::: Collected material :::

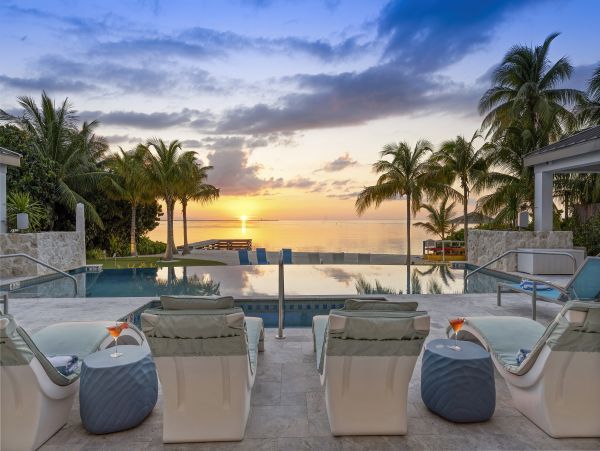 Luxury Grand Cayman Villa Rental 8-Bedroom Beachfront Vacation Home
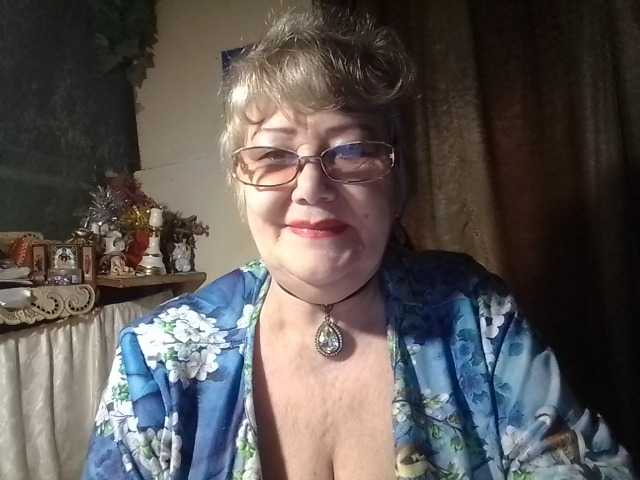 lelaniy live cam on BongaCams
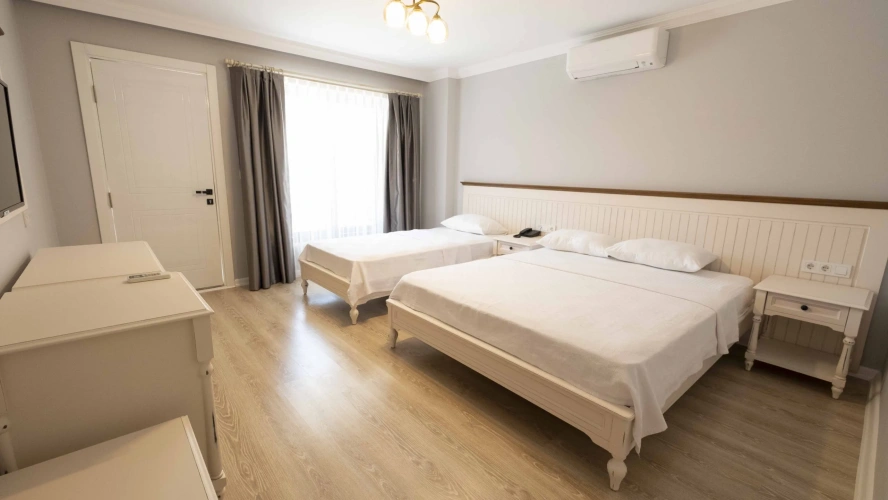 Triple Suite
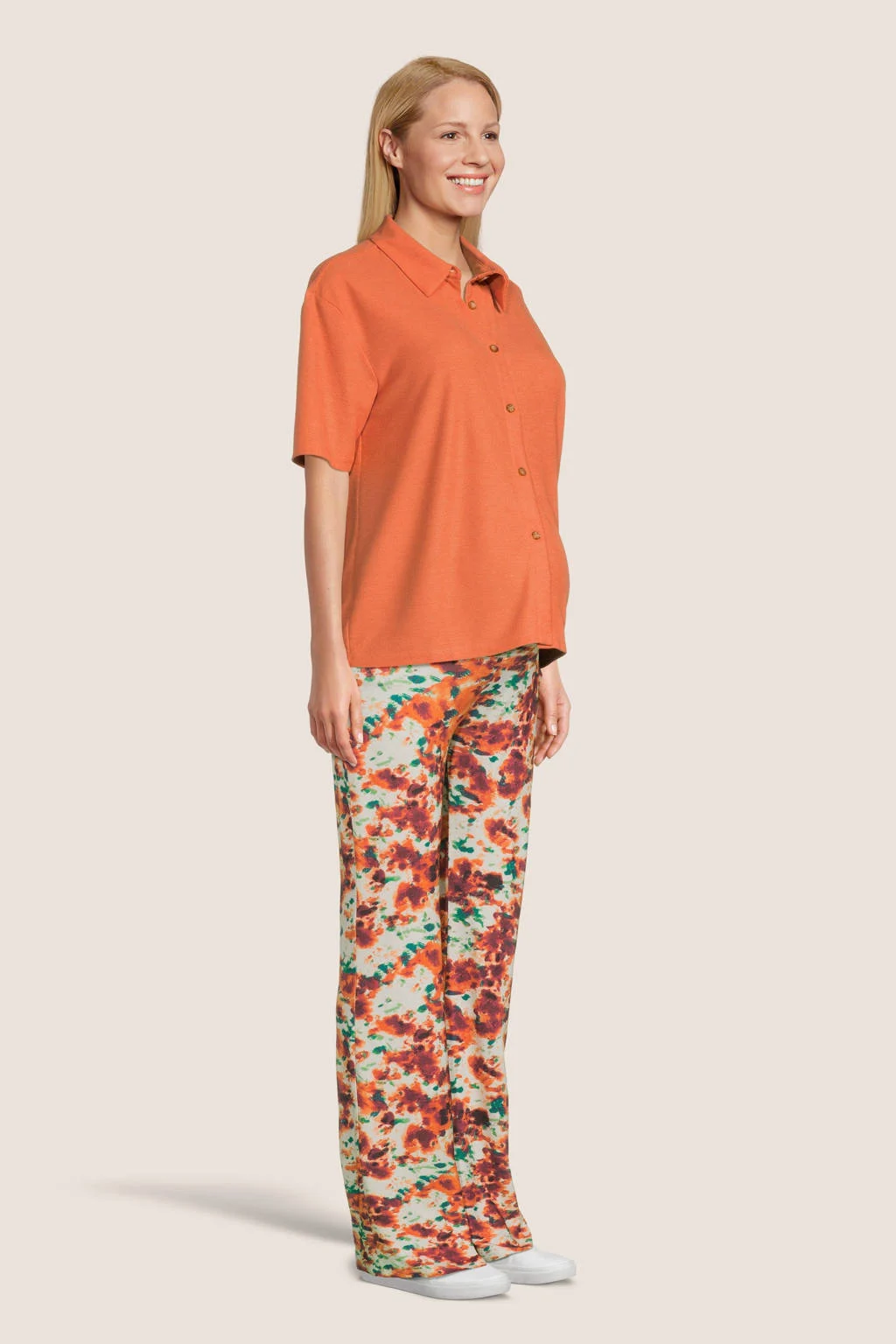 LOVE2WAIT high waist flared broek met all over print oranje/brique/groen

:::

### Task details
The whole listing above needs to be copied exactly; please keep the pictures out.

### Exercise output
 Luxury Grand Cayman Villa Rental 8-Bedroom Beachfront Vacation Home
 lelaniy live cam on BongaCams
 Triple Suite
 LOVE2WAIT high waist flared broek met all over print oranje/brique/groen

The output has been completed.